Curl et al. in 2008 reiterated that small fullerene cages are less stable (more negative means more stable) than larger cages (see the figure below). This makes sense as flat graphite is the most stable form of carbon and any attempt to curve the structure will make the structure less stable (increase it's energy/more positive). This might seem straightforward however the common explanation of why C60 is formed (in the bottom up mechanism) was that C60 is a very stable molecule. 
Modified from Curl et al. 2008
Curl et al. also suggested that carbon cages could exchange carbon. This would allow C60 and C70 to be produced in greater abundance as they are significantly lower in energy than their neighbouring carbon cages (due to their high symmetry) and with fullerenes continually exchanging carbon they could get stuck at C60 or C70 as it would be harder for carbon to be exchanged from these highly stable symmetric cages i.e. there are no weak points. Think of a fullerene as rolling into stable notches which are hard to get out of. Further reactive forcefield simulations in 2011 suggested carbon dimers C2 could be ingested into fullerenes and this was experimentally shown in 2012 using mass spectrometry where fullerenes with metals in them could ingest C2 without losing their cargo.

I ran some reactive forcefield simulations starting in 2011 wanting to observe the carbon capture and ejection considering that two interacting cages would exchange C2 from the smaller to the larger cage, but ended up finding that these structures really wanted to fuse together and coalescence into bigger giant fullerenes. Below is a video of a computer simulation I ran showing two fullerenes fusing.

This coalescence has also been observed before with C60 coalescing together inside carbon nanotubes and many different simulations. I, therefore, started to think that perhaps fullerenes actually would rather become larger if they are not in a higher energy chaotic plasma. But I wondered if I could experimentally observe coalescence of fullerenes to form isolated cages.

Tune in next week for part two where I show you an amazing instrument that can weigh individual molecules and show the higher fullerenes in fullerene soot.

Wednesday, 30 August 2017

Carbon conference 2017 and the "Queen of carbon"

I recently attended and presented a poster at the Carbon 2017 conference in Melbourne, Australia. This yearly conference brings together around 800 carbon scientists and engineers from around the world to talk about the many forms of carbon such as fullerenes, nanotubes, graphene and various carbon materials like activated carbons, glassy carbons, nuclear graphite and carbon catalysts.

Something interesting about Carbon Conference this year was that it was a joint conference comprised eight other chemistry related conferences as part of the centenary celebration of the Royal Australian Chemical Institute (RACI). This meant we could attend any one of the many talks in fields from physical chemistry through to green chemistry.

3D printed molecules and electrically polarised carbon

The poster session was also run with the other chemistry conference. While viewing some other posters, I saw this 3D printed model of a metal organic framework which I thought was a creative idea.

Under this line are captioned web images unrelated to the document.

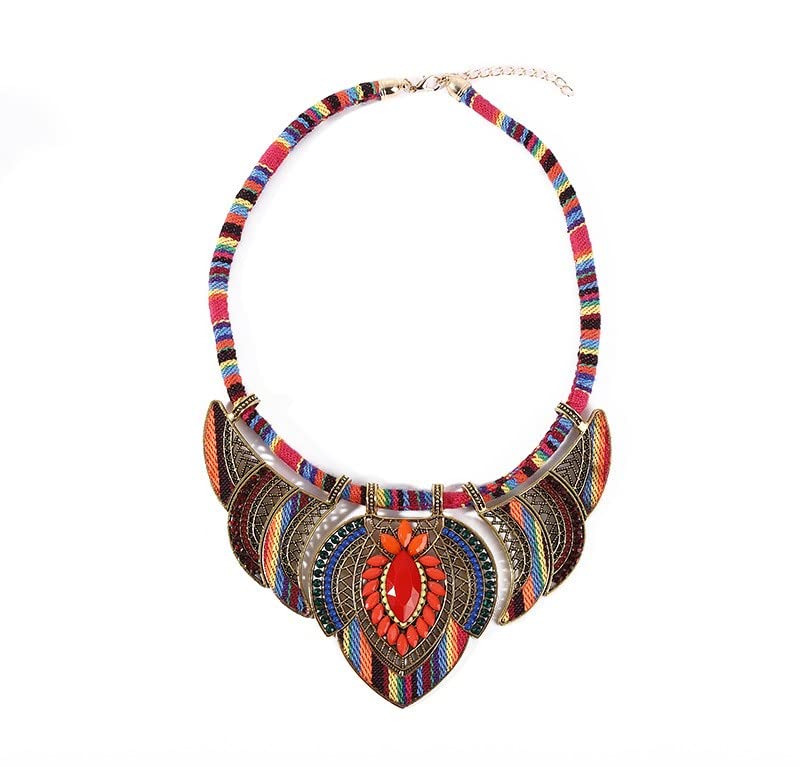 AonklotBoho Choker Necklace Ethnic Style Chunky Vintage Choker Necklace Colorful Collar Festival Tribal Choker Costume Necklace for Women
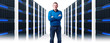 man in datacenter
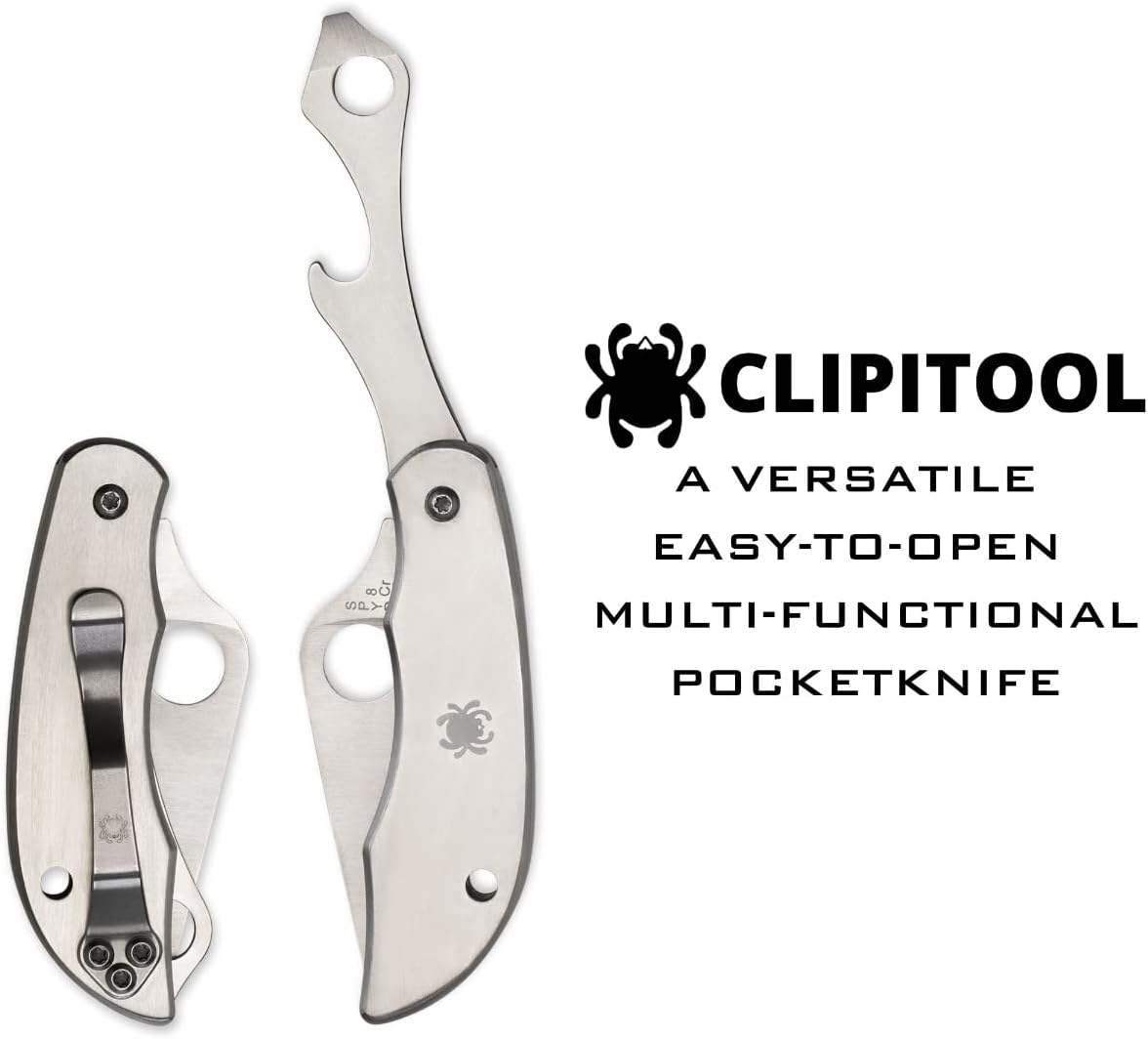 ClipiTool Folding Utility Pocket Knife, PlainEdge and SpyderEdge | 4.58" Overall Length, 2.01" 8Cr13MoV Steel Blade, G-10 Handle, SlipJoint, Full-Flat Grind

I presented a poster on the impact of curvature in aromatic molecules which causes a significant charge polarisation leading to a molecular dipole of about 2 debye per pentagon (compare this with 1.85 debye for water). I had some good conversations with people about this; the activated carbon community was particularly interested in how polar molecules could adsorb onto these carbon structures and how the curved structures should carbonise.

Click on the poster for a larger image.
We recently uploaded a preprint of this work online if your interested further.

The Queen of Carbon

Something quite special about the carbon conference was a memorial session commemorating the life of Mildred Dresselhaus (or Millie to those in the community) who passed away in February this year. Her impact on the field of carbon research cannot be overexpressed. Starting from the elucidation of the electronic structure of graphite (the location of holes and electrons in the first Brillouin zone using magneto-optical spectroscopy) she went on to study the intercalation of ions in graphite (leading to the development of the lithium ion battery). Later, while working on fullerene she suggested the elongation of a fullerene into a tube and studied the electronic properties of these tubes in 1992, before single wall nanotubes had been discovered in 1993, suggesting they could be conducting or semiconducting depending on the nanotubes twist (chirality). She then turned her attention to graphene nanoribbons and graphene, working on tuning the electronic properties of graphene by confining them into nanoribbons as early as 1996.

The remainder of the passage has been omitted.